Sobre esta realidad violenta, la posibilidad del contagio de la covid-19 ha tensado la cuerda hasta el límite de la ruptura. Las personas privadas de libertad no solo deben capear la incertidumbre de la situación de sus familias, con las que apenas tienen contacto, sino que son conscientes de su debilidad colectiva al moverse en las mejores condiciones para la transmisión de la pandemia: alto contacto entre personas y escasas medidas de higiene y protección. La masacre de 23 privados de la libertad que ocasionó el Estado colombiano el pasado 21 de marzo en la cárcel La Modelo no hace parte de una solución, sino del agravamiento de dicha situación. Tampoco se sienten seguros con las medidas del Decreto 546, recién firmado por el presidente Iván Duque, con el que pretenden transferir a 4.000 personas de las cárceles a arresto domiciliario. El número resulta claramente insuficiente para solucionar el problema del hacinamiento, que asciende a 45.000 reclusos.
#SolidaridadEnCuarentena | Organizaciones defensoras de Derechos Humanos entregaron en la cárcel 'La Picota', Bogotá, una donación de 500 tapabocas, jabón líquido y gel antibacterial, para ayudar a evitar la expansión del #covid19 al interior de las cárceles del país pic.twitter.com/42HLdBWMjT
— Colombia Informa (@Col_Informa) April 22, 2020
La pandemia de la Covid-19 supone una prueba de estrés a nivel político, sociológico, económico, y personal. Ha mostrado el lugar por dónde se rompen las costuras de una sociedad inmersa en la lógica de usar y tirar. Muchas de las medidas tomadas, aunque necesarias, resultan fatales para los colectivos más castigados socialmente. La sistematicidad de la persecución y el asesinato de líderes sociales se evidencia, tanto en las crudas cifras de personas muertas, como en las de personas privadas de libertad en régimen preventivo. Un número demasiado alto para una medida excepcional y que remite al silenciamiento de las voces críticas que trabajan en las veredas, Juntas de Acción Comunal o barrios.

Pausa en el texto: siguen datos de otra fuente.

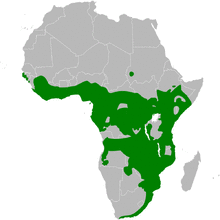 Phyllastrephus distribution map.png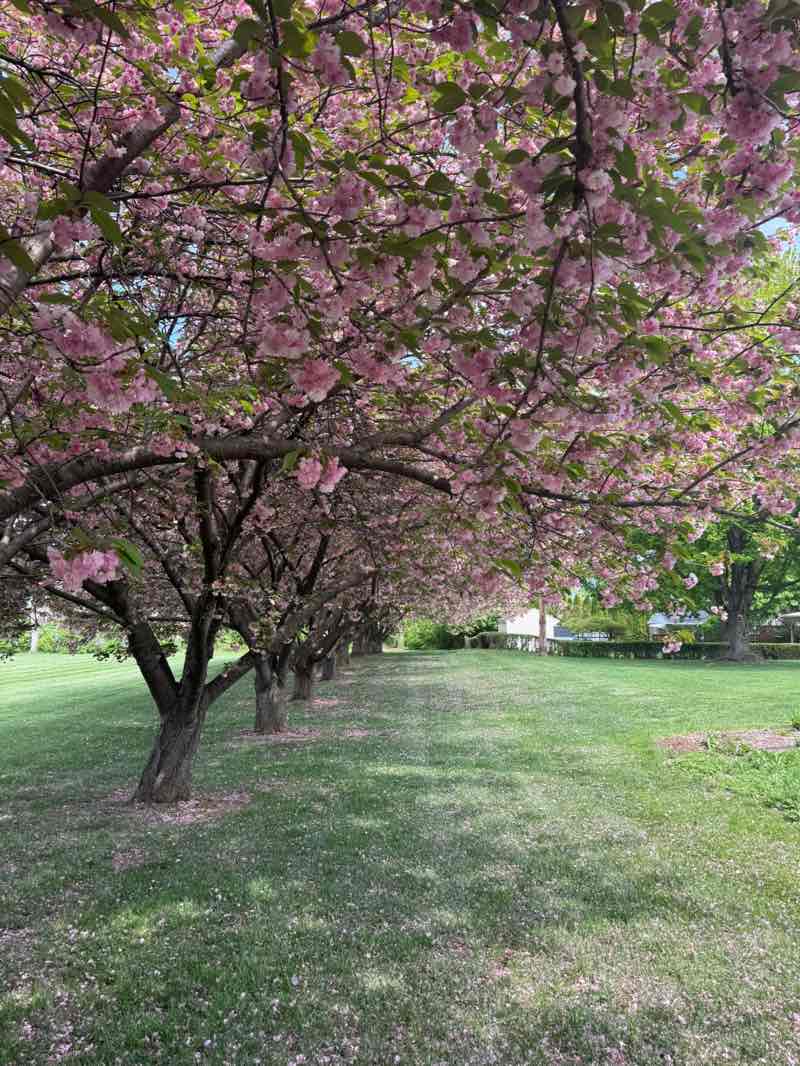 walking near me in Sherwood Park in spring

Mientras el país sigue en confinamiento los presos continúan hacinados, sometidos a la angustia de comprobar que efectivamente la pandemia se está expandiendo al interior de las cárceles con los primeros contagiados y muertos. Las denuncias de hace más de un mes, anticipando esta situación, cayeron en oídos sordos. El Gobierno optó por la represión y un Decreto de pocas excarcelaciones que no paliará la situación humanitaria por el amplio elenco de exclusiones que contempla y por medidas como el irresponsable traslado de presos entre cárceles (desde la prisión de Villavicencio en la que se detectó el primer foco de infección), que ha conducido a la propagación de la enfermedad. Desde el Movimiento Nacional Carcelario continúan reclamando solidaridad con los privados de la libertad para atender esta situación y lograr una excarcelación humanitaria cuando aún se está a tiempo de proteger a miles de seres humanos.